→ What needs to be done
Could you write out the records below exactly, without omitting a line?

Stored data entries
────────────────────

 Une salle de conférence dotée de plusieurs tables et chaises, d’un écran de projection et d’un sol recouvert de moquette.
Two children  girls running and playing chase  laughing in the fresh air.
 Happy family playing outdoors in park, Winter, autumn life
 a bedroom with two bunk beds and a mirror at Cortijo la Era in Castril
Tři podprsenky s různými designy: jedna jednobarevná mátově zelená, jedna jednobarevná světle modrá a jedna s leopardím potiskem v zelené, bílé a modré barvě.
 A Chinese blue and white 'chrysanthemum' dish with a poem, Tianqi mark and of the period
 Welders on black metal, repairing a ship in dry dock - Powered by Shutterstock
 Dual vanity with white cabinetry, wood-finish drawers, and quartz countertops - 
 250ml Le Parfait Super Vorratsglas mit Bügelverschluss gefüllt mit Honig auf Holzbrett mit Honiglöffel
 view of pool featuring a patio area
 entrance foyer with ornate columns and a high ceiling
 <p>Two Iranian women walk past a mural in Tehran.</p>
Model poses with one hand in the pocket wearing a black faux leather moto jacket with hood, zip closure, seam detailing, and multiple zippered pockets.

────────────────────

→ Answer box
 Une salle de conférence dotée de plusieurs tables et chaises, d’un écran de projection et d’un sol recouvert de moquette.
Two children  girls running and playing chase  laughing in the fresh air.
 Happy family playing outdoors in park, Winter, autumn life
 a bedroom with two bunk beds and a mirror at Cortijo la Era in Castril
Tři podprsenky s různými designy: jedna jednobarevná mátově zelená, jedna jednobarevná světle modrá a jedna s leopardím potiskem v zelené, bílé a modré barvě.
 A Chinese blue and white 'chrysanthemum' dish with a poem, Tianqi mark and of the period
 Welders on black metal, repairing a ship in dry dock - Powered by Shutterstock
 Dual vanity with white cabinetry, wood-finish drawers, and quartz countertops - 
 250ml Le Parfait Super Vorratsglas mit Bügelverschluss gefüllt mit Honig auf Holzbrett mit Honiglöffel
 view of pool featuring a patio area
 entrance foyer with ornate columns and a high ceiling
 <p>Two Iranian women walk past a mural in Tehran.</p>
Model poses with one hand in the pocket wearing a black faux leather moto jacket with hood, zip closure, seam detailing, and multiple zippered pockets.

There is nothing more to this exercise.